Three Phases of Transition

Yellow cover of Transitions by William Bridges, 1980 edition

William Bridges wrote Transitions: Making Sense of Life’s Changes. It’s a slim book, only 159 pages. But it holds a perspective that has helped me navigate many transitions, over many years.

Bridges distinguishes between change and transition. Change is the  external difference—the new job, the new baby. Transition is the internal redefinition—I am a P&G employee, I am a mother. Change is situational. Transition is psychological.

According to Bridges, there are three phases of transition:

  • Endings
  • The Neutral Zone (AKA The Wilderness)
  • New Beginning

It was the order of the phases that surprised me when I first read the book, back when there was only the 1980 edition, not the 1993 edition, or the fortieth-anniversary edition that was released last December.

He’s right.

A New Beginning can’t be fully expressed without a completed ending. I couldn’t become a Cincinnatian without ceasing to be a Chicagoan. To be an employee of Fifth Third Bank required that I stop being an independent contractor.

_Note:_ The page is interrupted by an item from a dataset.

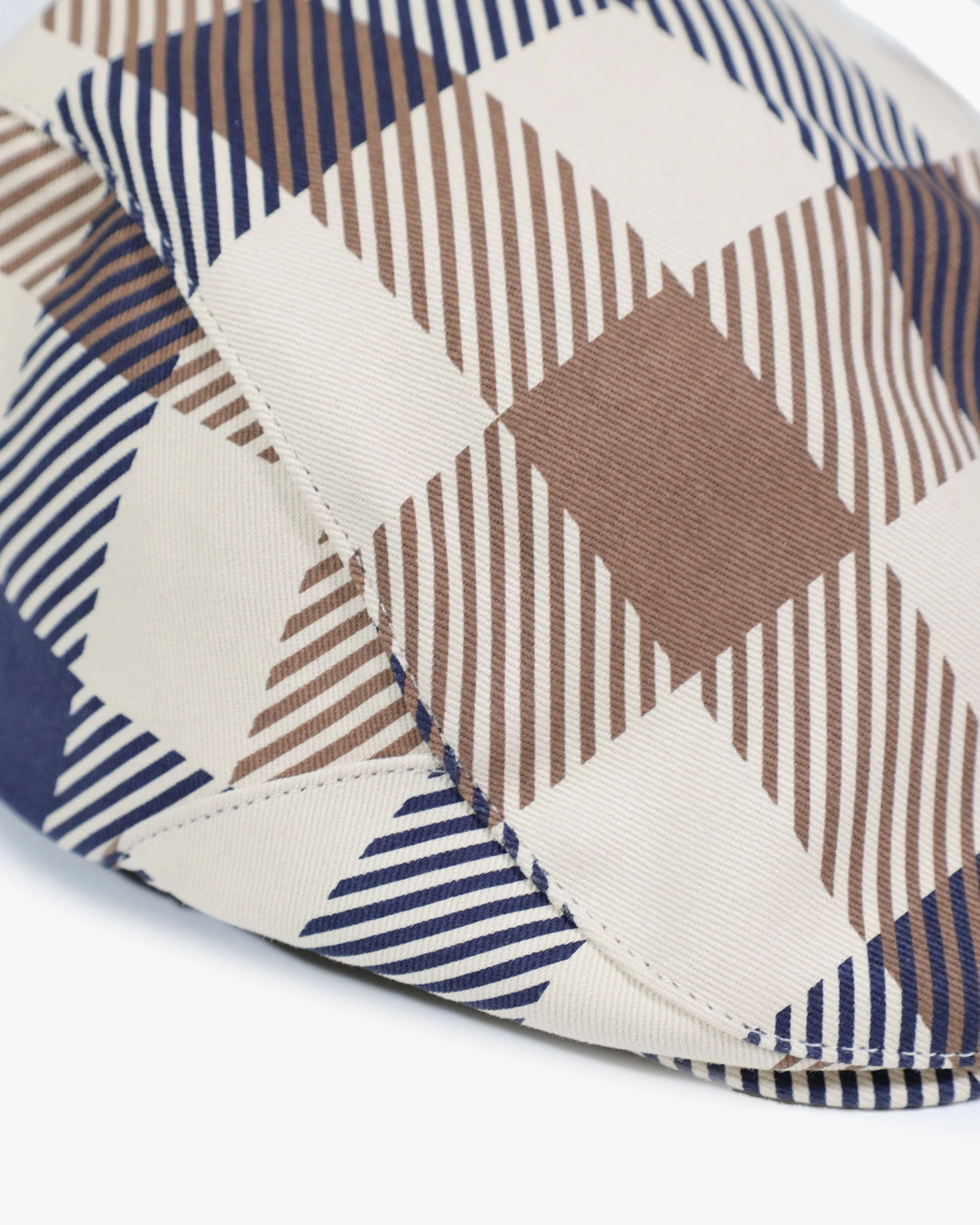 COTTON FLAT HAT - Image 6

An interesting thing about the Endings—Wilderness—New Beginnings model is that the phases are indistinct. They blur and bleed into one another.

I recently rewatched Terminator 2: Judgement Day. There is a scene where Sara Connor/Linda Hamilton is trying to escape from the institution where she is held prisoner. She breaks out of her cell and makes her way through a series of locked doors, each one clanging shut behind her.

Transitions are not marked by clear boundaries and locked doors. They are more like swimming in the ocean off the Jersey shore. You can be swimming in comfortably warm water and then at some point, notice that the water has gotten cooler, or even cold.

This happens when you’ve swum into deeper water. You can’t see that it’s deeper (maybe you could in the Caribbean but not in the Atlantic off New Jersey). You can feel it. You don’t notice it right away. It’s gradual. And because you don’t want to be cold you turn and head toward shore. There is no gate, no marker of warmer water. You just swim until eventually, it feels warmer.

A former boss at Fifth Third said something like, “People don’t always join the bank on their first day.”

She’s right.

It’s possible to make a change without making a transition. I used to work at Baxter. I got there ten years after the merger between Baxter Healthcare and American Hospital. When I met people, they would often introduce themselves with, “I’m Baxter” or “I’m American.” This was ten years after the merger!

These were people who had made a change but not a transition.

Sometimes the transition is quick—I think my transition from single person to Trent’s partner was quick. Sometimes it’s slow, and sometimes it doesn’t happen at all.

Thinking back to my first marriage, I wonder if either of us made the transition from single person to wife or husband. I don’t think so.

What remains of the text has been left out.